* **LISTED RECORDS**:
◇ ◇ ◇

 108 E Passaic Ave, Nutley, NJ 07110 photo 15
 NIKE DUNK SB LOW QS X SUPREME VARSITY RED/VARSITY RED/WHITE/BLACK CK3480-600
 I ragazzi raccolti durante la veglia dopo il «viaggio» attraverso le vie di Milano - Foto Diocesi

◇ ◇ ◇

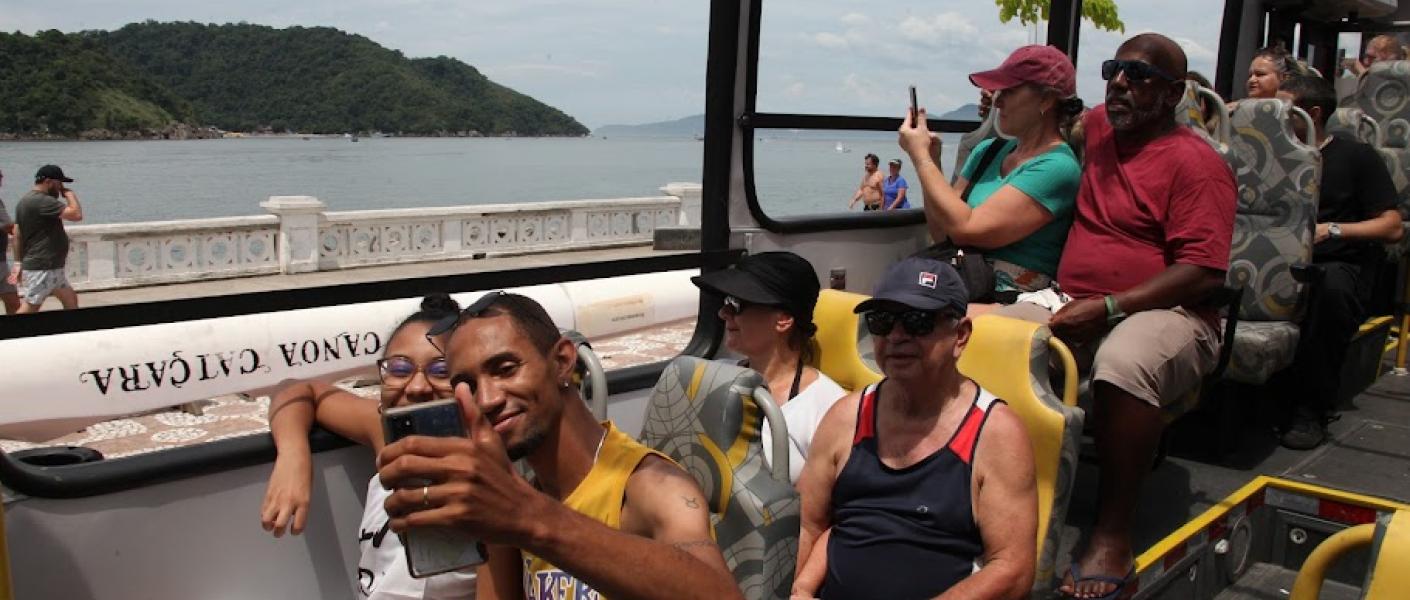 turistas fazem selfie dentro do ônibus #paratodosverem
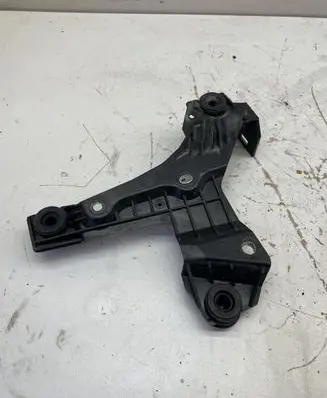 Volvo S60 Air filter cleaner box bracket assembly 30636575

◇ ◇ ◇

* **THE TASK**: Start with the line above that contains "108 E Passaic Ave, Nutley, NJ 07110 photo 15" and end with the line that contains "I ragazzi raccolti". Write out those lines exactly, and only those.

* **WRITTEN ANSWER**:
 108 E Passaic Ave, Nutley, NJ 07110 photo 15
 NIKE DUNK SB LOW QS X SUPREME VARSITY RED/VARSITY RED/WHITE/BLACK CK3480-600
 I ragazzi raccolti durante la veglia dopo il «viaggio» attraverso le vie di Milano - Foto Diocesi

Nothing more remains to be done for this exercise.